—Nunca jamás en la historia del imperio Otomano se ha celebrado una entronización en una mezquita —contestó. Evidentemente era necesario enviar una delegación a Topkapi para discutir el asunto con ella.
Al comparecer sin la escolta de los más agresivos partidarios, Kösem confiaba en poner a la delegación en una situación desventajosa en cualquier negociación.
La delegación constaba de cinco personas: el Mufti Abdulrahim, el anterior Cadi Asker de Anatolia, Hanesizade y los tres agás de los jenízaros, Musslihaddin, Bektach y Kara Murat. Se encontró con ellos en la Puerta del Desagüe, vestida de negro de pies a cabeza y con un solo eunuco negro como escolta, para abanicarla. Permanecieron de pie en respetuoso silencio delante de ella.
Kösem empezó con una arenga.
—¿Encontráis justo el haber iniciado esta rebelión? ¿No sois todos esclavos que habéis recibido sustento de esta casa, a lo largo de toda vuestra vida?
El viejo Musslihaddin, conmovido hasta las lágrimas por estas palabras, pero permaneciendo firme, se arrogó el derecho de responder:
—¡Tienes razón, gentil señora!
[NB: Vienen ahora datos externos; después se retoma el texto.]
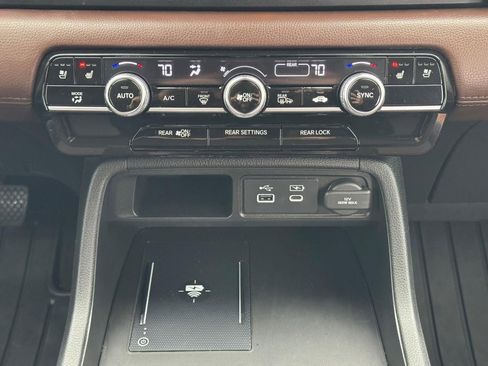 Certified 2025 Honda Pilot Elite image 15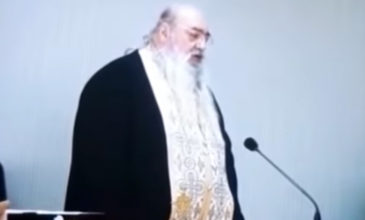 Ιερέας προέτρεψε βουλευτή του ΣΥΡΙΖΑ σε μετάνοια για το αμάρτημα της προδοσίας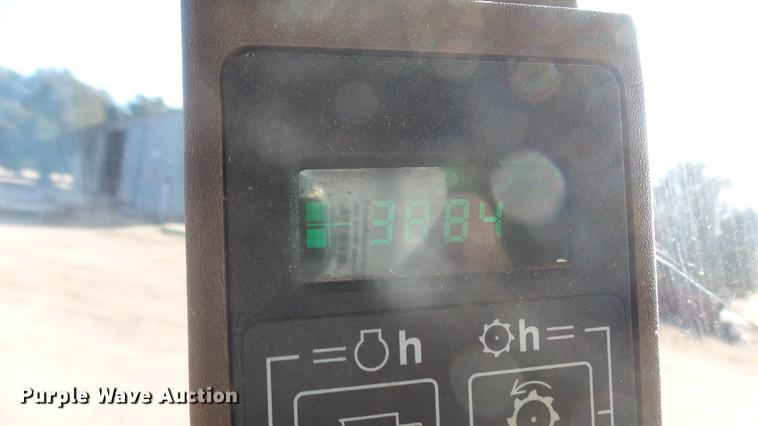 image for item DC1950 1995 John Deere 9600 combine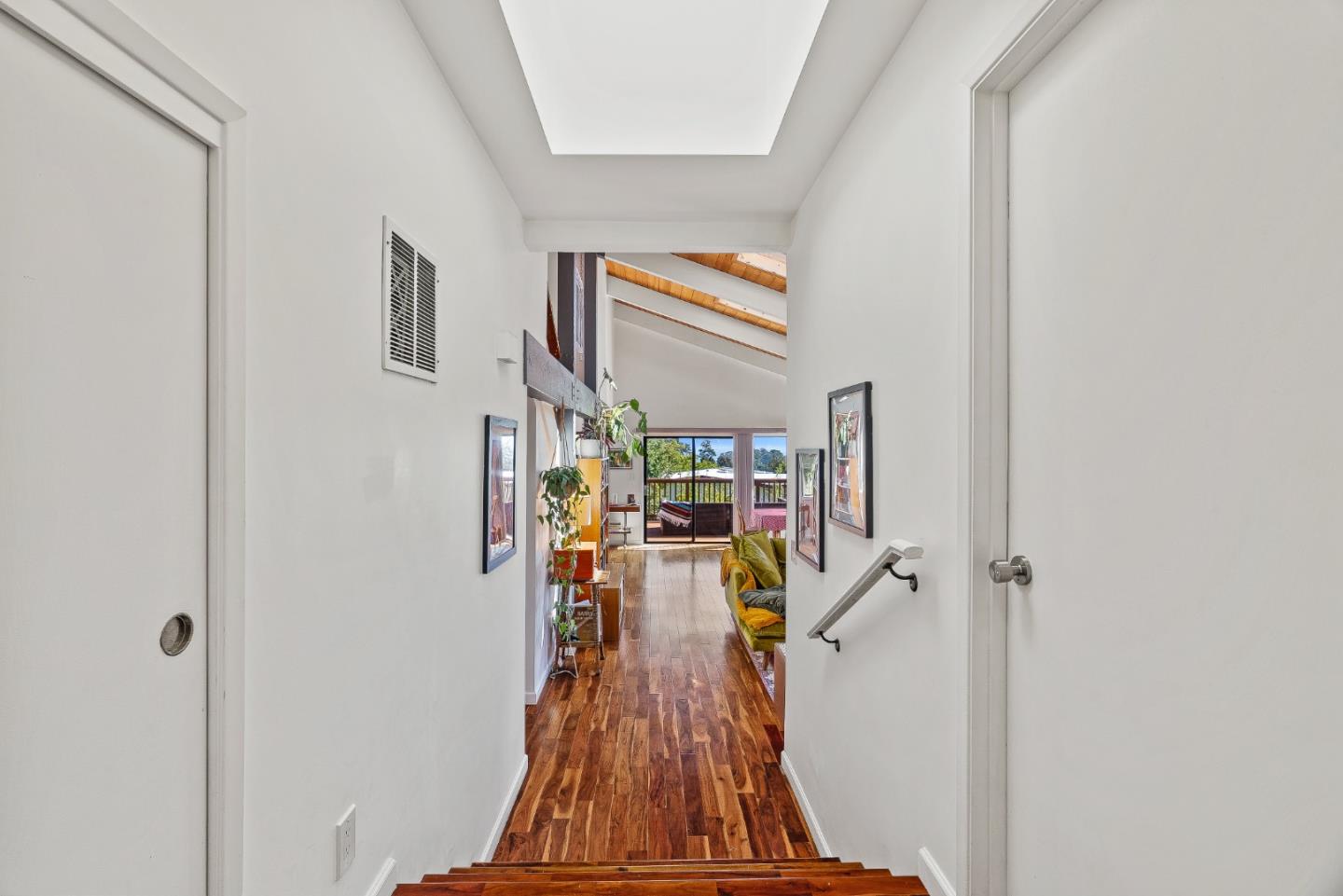 Detail Gallery Image 9 of 58 For 530 Santa Marguarita Dr, Aptos,  CA 95003 - 4 Beds | 2/1 Baths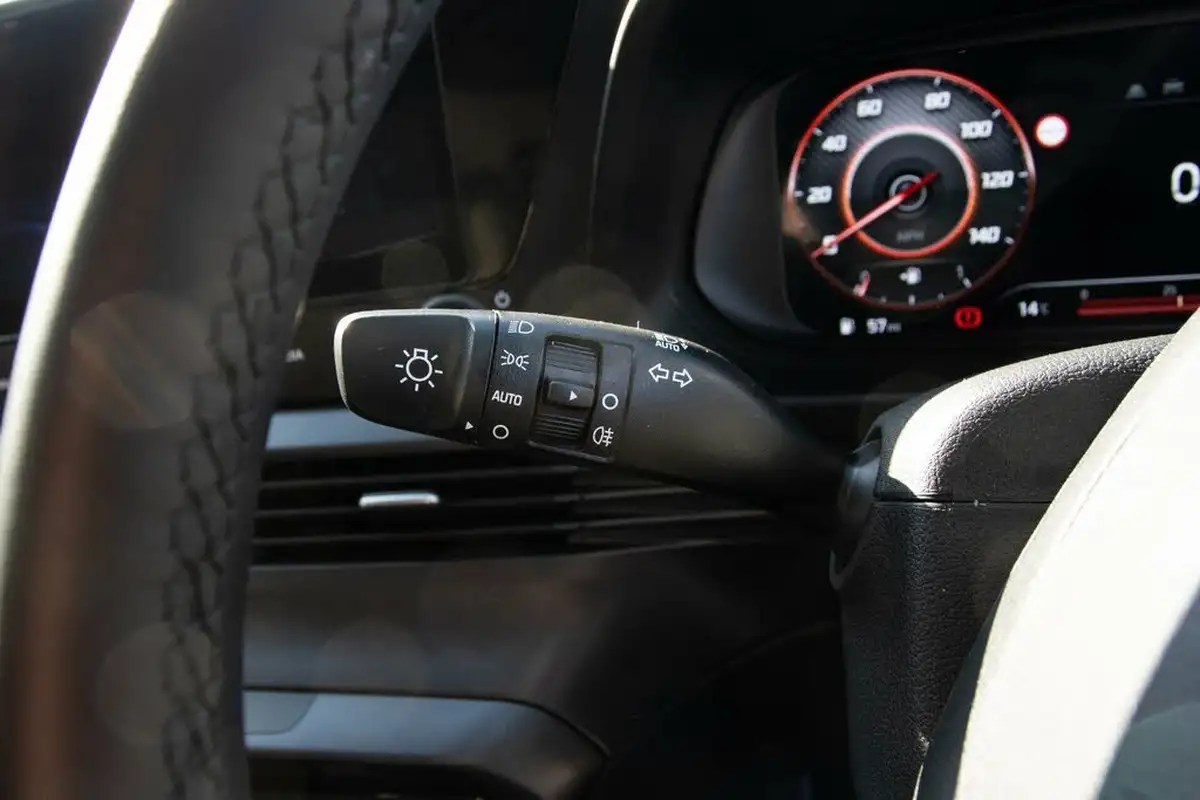2024-hyundai-i20-10-t-gdi-premium-big-16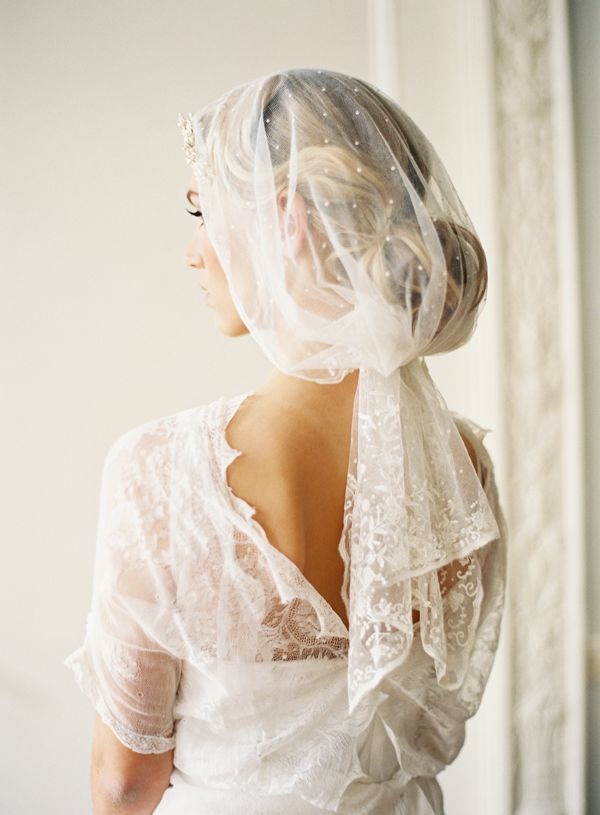 https://www.taniamaras.com/wp-content/uploads/2014/02/Short-lace-wedding-veil-with-bustle-1.jpg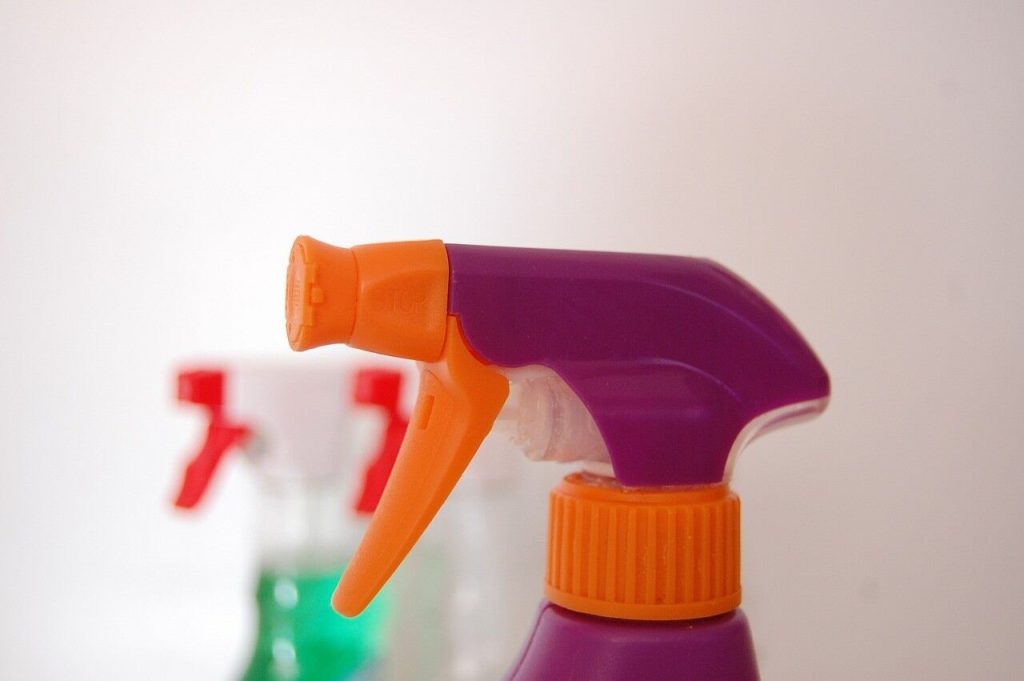 How to Make the Switch to Sustainable Cleaning Products in 5 Easy Steps - how to clean sustainably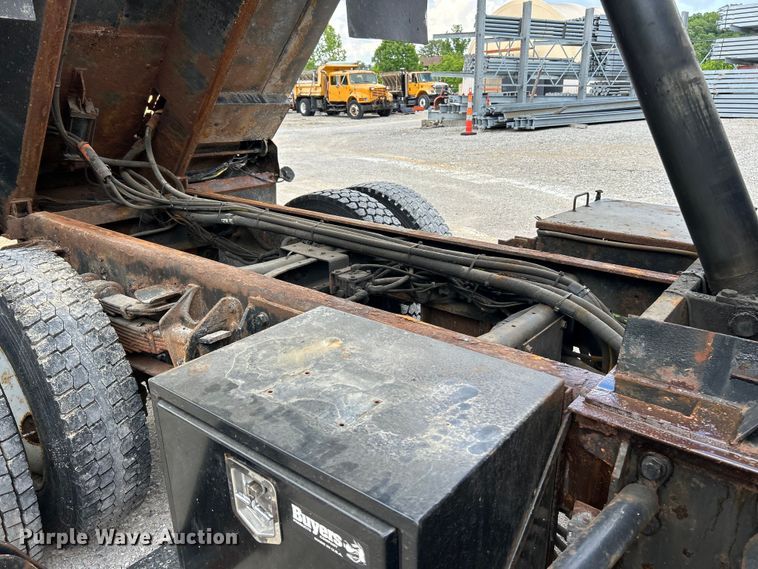 image for item EK4745 2005 International  7400 dump truck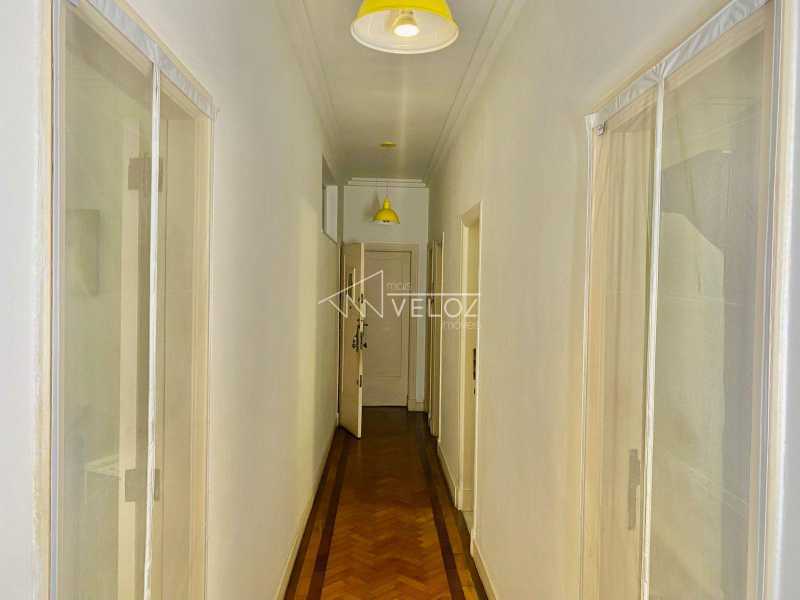 Apartamento à venda com 3 quartos, 200m² - Foto 28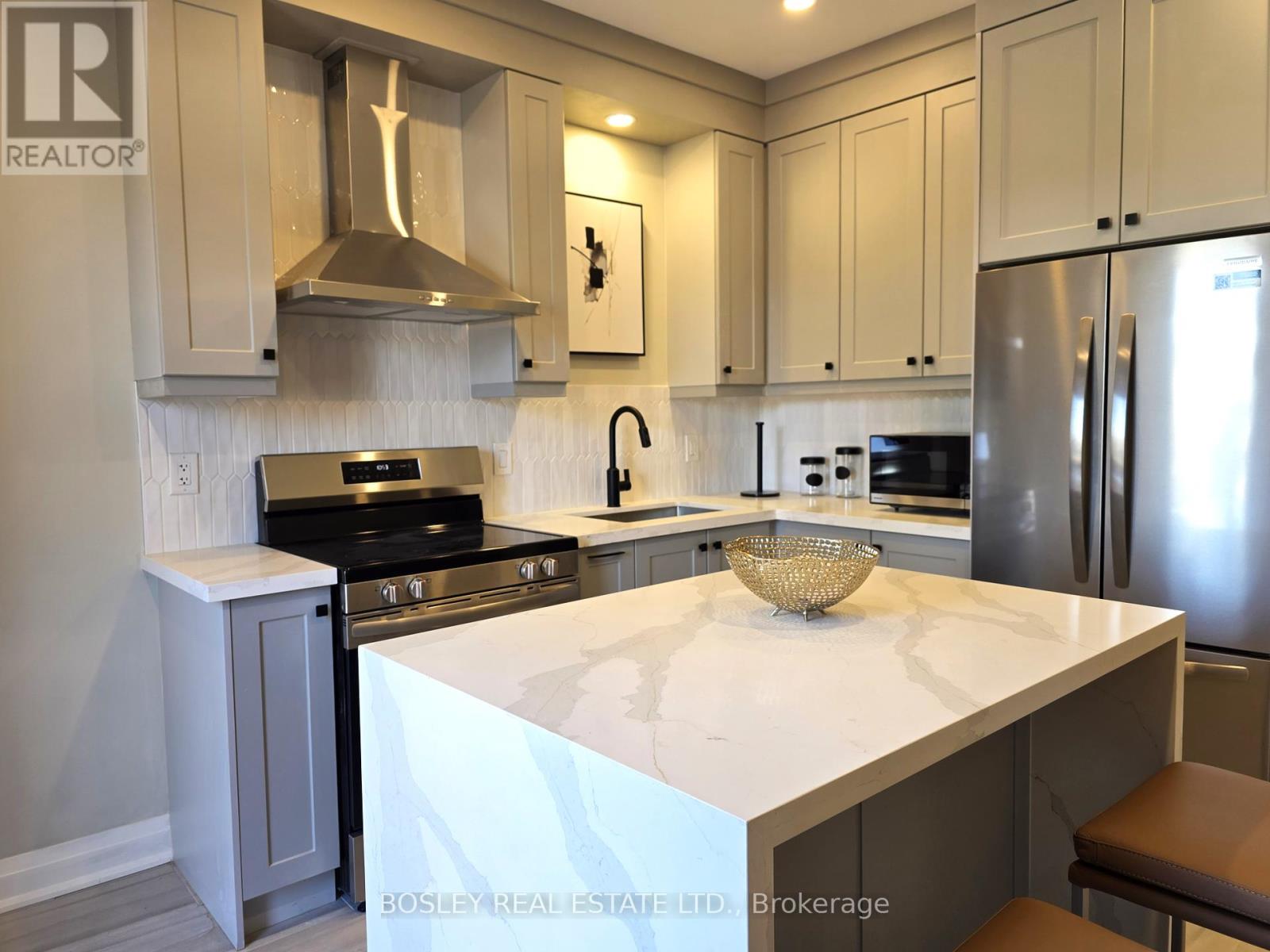 1132 Queen Street W, Toronto, Ontario  M6J 1J3 - Photo 3 - C12177016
Hemos disfrutado todos de los favores de esta casa y ninguno más que yo, durante ochenta largos años. Es precisamente nuestra gratitud lo que no nos permite permanecer ociosos mientras presenciamos el naufragio de esta ilustre casa y de este ilustre reino. ¡Ojalá yo no hubiera vivido para ver lo que estoy viendo! Y ¿cómo puede resultar lo que estoy pidiendo en ventaja y beneficio propios, cuando ni el oro ni los honores pueden ya beneficiarme? ¡Mi gentil señora! La insensatez e iniquidad del Padisha están causando un daño diario e irreparable a este país. Los infieles han capturado cuarenta sólidas fortalezas que teníamos en la frontera con Bosnia, mientras que ochenta de sus barcos bloquean el estrecho de los Dardanelos. Y durante todo ese tiempo, el Padisha no piensa en otra cosa que en satisfacer su lujuria, disfrutar de su juego y despilfarrar lo que recibe en sobornos. Nuestros hombres sabios han recibido y adoptado un fetva para sustituir al ocupante del trono; porque hasta que esto se haga, no puede volver la paz a este reino. Sed comprensiva, señora, y no os opongáis a nuestras razonables peticiones. Porque si lo hacéis, no estaréis haciéndolo contra los hombres sino contra la sagrada ley.
Kösem tenía motivos de sobra para temer a Ibrahim. ¿No fue él quien la forzó al final a retirarse al jardín de Iskenderchelebi, lejos de Topkapi? ¡Si hasta había pensado en desterrarla a Rodas! Incluso sospechaba que él había conspirado para quitarle la vida. ¿No fue imperdonable la manera en que trató a las princesas, sus propias hermanas y sobrinas a quienes había obligado a prestar servicios a sus favoritas, como si fueran las más humildes de las esclavas?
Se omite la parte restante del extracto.